C’est mon premier documentaire. J’ai constaté qu’il y a un plafond de verre. La difficulté est d’obtenir les opportunités parce que les gens se demandent si on est capable de le faire. On en est capable, j’en suis capable mais c’est vrai qu’il faut en faire un peu plus pour le démontrer. J’ai eu la chance de travailler d’abord sur des pièces de théâtres donc il y a déjà un lien qui s’est créé, j’étais déjà un peu dans ce monde-là. Quand on voit les représentations des hommes dans le Pacifique dans les médias, le fait qu’il y ait une vision féminine cela change les choses. On connaît nos hommes mieux que personne, je crois donc que nous sommes les mieux placer pour raconter l’histoire de nos hommes. Il y a aussi une histoire de confiance. Dans A boy called Piano, il y a cette confiance de l’épouse de Fa’amoana pour que je passe du temps avec son mari et ses fils. Elle m’a fait confiance sur ma capacité aussi à montrer ce qu’il faut montrer et ne pas montrer ce qu’il ne faut pas montrer. C’est une question de subtilité surtout sur les choses qu’il ne faut pas montrer, et nous nous avons cette subtilité.
Qu’est-ce qu’il faudrait faire pour que la femme océanienne prenne un peu plus de place ?
C’est à nous de se bouger.

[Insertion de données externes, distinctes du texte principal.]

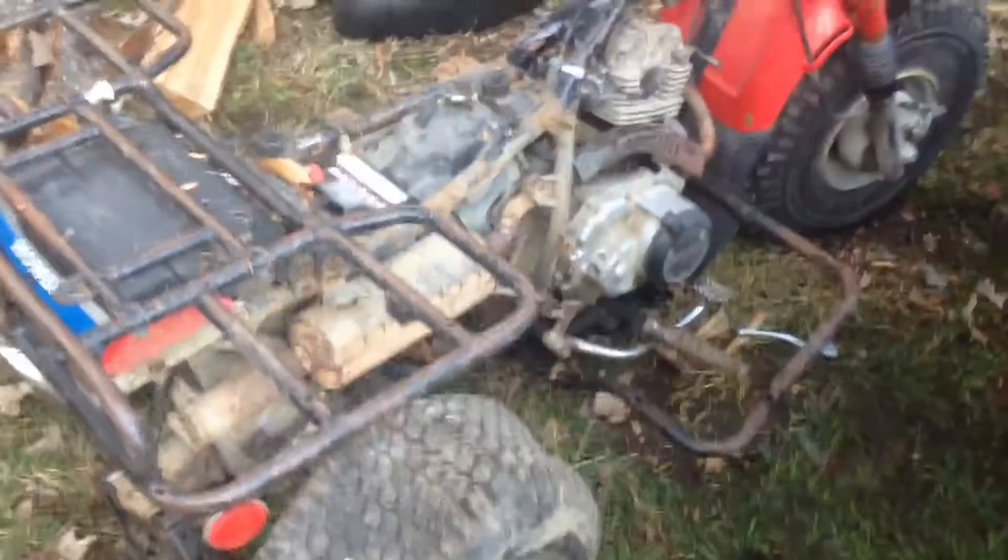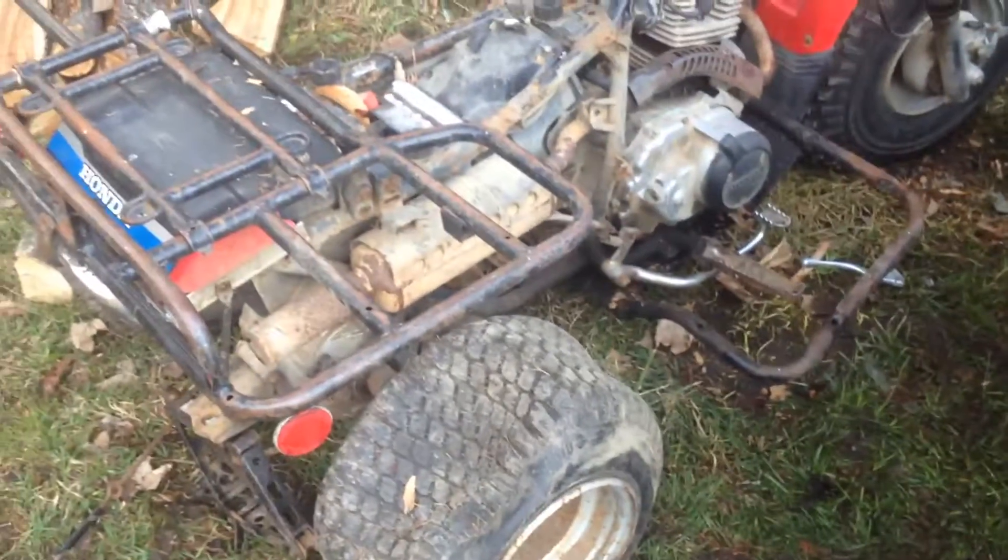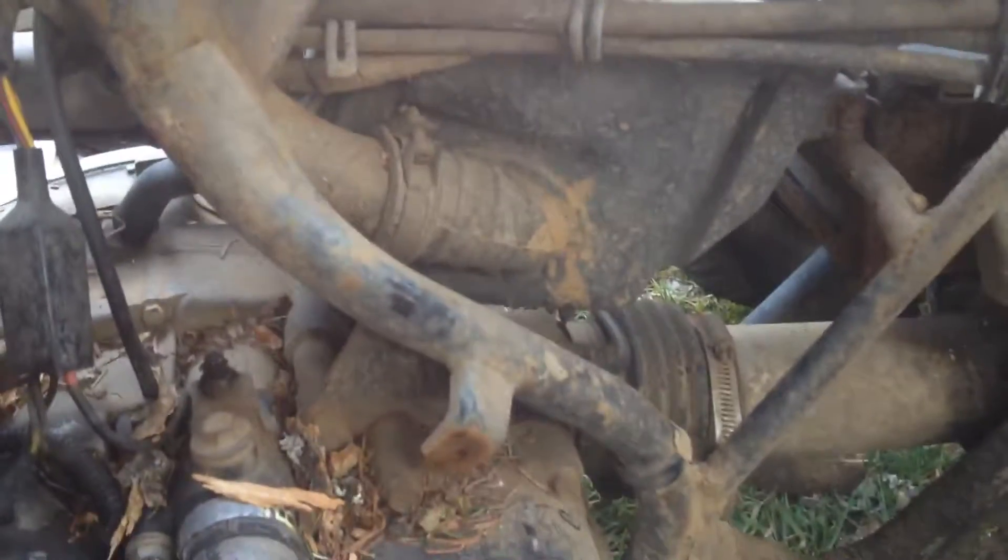What's going on guys, Miracarsan27 here bringing you today episode 1 of the racing mower. As you can see, I got that new motor. This is the rear end I'm gonna put into it — it's a dry shaft rear end. It's the Big Red 200. The motor is blown, but as you can see, there's the dry shaft.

La chef opératrice est une femme donc il y a vraiment une touche féminine dans la prise de vue et dans la façon de faire. Il y a aussi cette dimension poétique avec les images qu’on a créé autour de cette histoire qui a probablement quelque chose de très féminin. Sur la légitimité, on a travaillé en collaboration, mon mari est anglais, je suis originaire de Fidji et Fa’amoana de Samoa donc ce n’est pas la question qu’il ne faut pas qu’il y ait des blancs qui travaillent sur l’histoire, on peut collaborer ensemble. En tout cas, la touche féminine est très importante dans la façon de raconter l’histoire.
Qu’est-ce que vous conseillerez à des jeunes femmes océaniennes qui souhaiteraient se lancer dans la réalisation ?
Suivre son instinct. On n’est pas obligé de connaître toutes les réponses mais il faut suivre ce qu’on ressent profondément. Ça m’est arrivé d’être un peu aveuglée, d’être dans le moment et de ne pas savoir quoi faire, mais il faut savoir se faire confiance. Je pense que les gens qui verrouillent le moindre petit détail ne laisse pas assez de place à la magie. Il faut laisser de l’espace pour que la magie opère. Pour les jeunes femmes, c’est vraiment cette question d’instinct, ce n’est pas grave d’échouer, il faut essayer, il faut se lancer.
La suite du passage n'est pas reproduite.